[WHAT YOU SHOULD DO]
Copy each of the records exactly.

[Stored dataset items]

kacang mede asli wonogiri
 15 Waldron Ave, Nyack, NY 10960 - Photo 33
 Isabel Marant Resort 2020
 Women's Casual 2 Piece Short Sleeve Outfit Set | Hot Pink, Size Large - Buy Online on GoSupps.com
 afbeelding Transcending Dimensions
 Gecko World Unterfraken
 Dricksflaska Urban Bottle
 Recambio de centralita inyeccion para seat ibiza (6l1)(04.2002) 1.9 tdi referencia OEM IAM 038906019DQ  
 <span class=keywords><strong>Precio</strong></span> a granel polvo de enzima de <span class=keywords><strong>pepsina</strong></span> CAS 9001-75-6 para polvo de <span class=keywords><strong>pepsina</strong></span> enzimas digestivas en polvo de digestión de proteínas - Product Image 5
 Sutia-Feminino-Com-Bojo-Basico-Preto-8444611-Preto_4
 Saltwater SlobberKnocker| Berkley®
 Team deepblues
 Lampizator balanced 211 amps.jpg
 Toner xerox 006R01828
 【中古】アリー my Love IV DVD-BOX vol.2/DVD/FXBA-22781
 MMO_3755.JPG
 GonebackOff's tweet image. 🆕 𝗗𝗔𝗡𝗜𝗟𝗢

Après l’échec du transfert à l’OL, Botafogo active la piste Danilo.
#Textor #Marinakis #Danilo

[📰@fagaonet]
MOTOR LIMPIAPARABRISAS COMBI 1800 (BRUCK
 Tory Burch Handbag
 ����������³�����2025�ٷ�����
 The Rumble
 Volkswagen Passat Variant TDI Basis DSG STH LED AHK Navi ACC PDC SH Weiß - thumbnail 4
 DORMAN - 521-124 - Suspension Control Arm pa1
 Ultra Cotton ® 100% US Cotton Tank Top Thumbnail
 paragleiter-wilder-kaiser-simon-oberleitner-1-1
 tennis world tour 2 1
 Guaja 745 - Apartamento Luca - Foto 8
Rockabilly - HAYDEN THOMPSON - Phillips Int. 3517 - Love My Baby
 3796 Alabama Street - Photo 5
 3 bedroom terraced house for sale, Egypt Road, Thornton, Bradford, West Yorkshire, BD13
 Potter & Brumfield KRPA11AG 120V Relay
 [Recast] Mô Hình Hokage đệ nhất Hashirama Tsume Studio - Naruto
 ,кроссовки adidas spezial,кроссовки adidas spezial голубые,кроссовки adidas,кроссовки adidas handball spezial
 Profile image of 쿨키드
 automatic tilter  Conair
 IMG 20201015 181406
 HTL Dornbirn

[RESULT FOR THIS TASK]
kacang mede asli wonogiri
 15 Waldron Ave, Nyack, NY 10960 - Photo 33
 Isabel Marant Resort 2020
 Women's Casual 2 Piece Short Sleeve Outfit Set | Hot Pink, Size Large - Buy Online on GoSupps.com
 afbeelding Transcending Dimensions
 Gecko World Unterfraken
 Dricksflaska Urban Bottle
 Recambio de centralita inyeccion para seat ibiza (6l1)(04.2002) 1.9 tdi referencia OEM IAM 038906019DQ  
 <span class=keywords><strong>Precio</strong></span> a granel polvo de enzima de <span class=keywords><strong>pepsina</strong></span> CAS 9001-75-6 para polvo de <span class=keywords><strong>pepsina</strong></span> enzimas digestivas en polvo de digestión de proteínas - Product Image 5
 Sutia-Feminino-Com-Bojo-Basico-Preto-8444611-Preto_4
 Saltwater SlobberKnocker| Berkley®
 Team deepblues
 Lampizator balanced 211 amps.jpg
 Toner xerox 006R01828
 【中古】アリー my Love IV DVD-BOX vol.2/DVD/FXBA-22781
 MMO_3755.JPG
 GonebackOff's tweet image. 🆕 𝗗𝗔𝗡𝗜𝗟𝗢

Après l’échec du transfert à l’OL, Botafogo active la piste Danilo.
#Textor #Marinakis #Danilo

[📰@fagaonet]
MOTOR LIMPIAPARABRISAS COMBI 1800 (BRUCK
 Tory Burch Handbag
 ����������³�����2025�ٷ�����
 The Rumble
 Volkswagen Passat Variant TDI Basis DSG STH LED AHK Navi ACC PDC SH Weiß - thumbnail 4
 DORMAN - 521-124 - Suspension Control Arm pa1
 Ultra Cotton ® 100% US Cotton Tank Top Thumbnail
 paragleiter-wilder-kaiser-simon-oberleitner-1-1
 tennis world tour 2 1
 Guaja 745 - Apartamento Luca - Foto 8
Rockabilly - HAYDEN THOMPSON - Phillips Int. 3517 - Love My Baby
 3796 Alabama Street - Photo 5
 3 bedroom terraced house for sale, Egypt Road, Thornton, Bradford, West Yorkshire, BD13
 Potter & Brumfield KRPA11AG 120V Relay
 [Recast] Mô Hình Hokage đệ nhất Hashirama Tsume Studio - Naruto
 ,кроссовки adidas spezial,кроссовки adidas spezial голубые,кроссовки adidas,кроссовки adidas handball spezial
 Profile image of 쿨키드
 automatic tilter  Conair
 IMG 20201015 181406
 HTL Dornbirn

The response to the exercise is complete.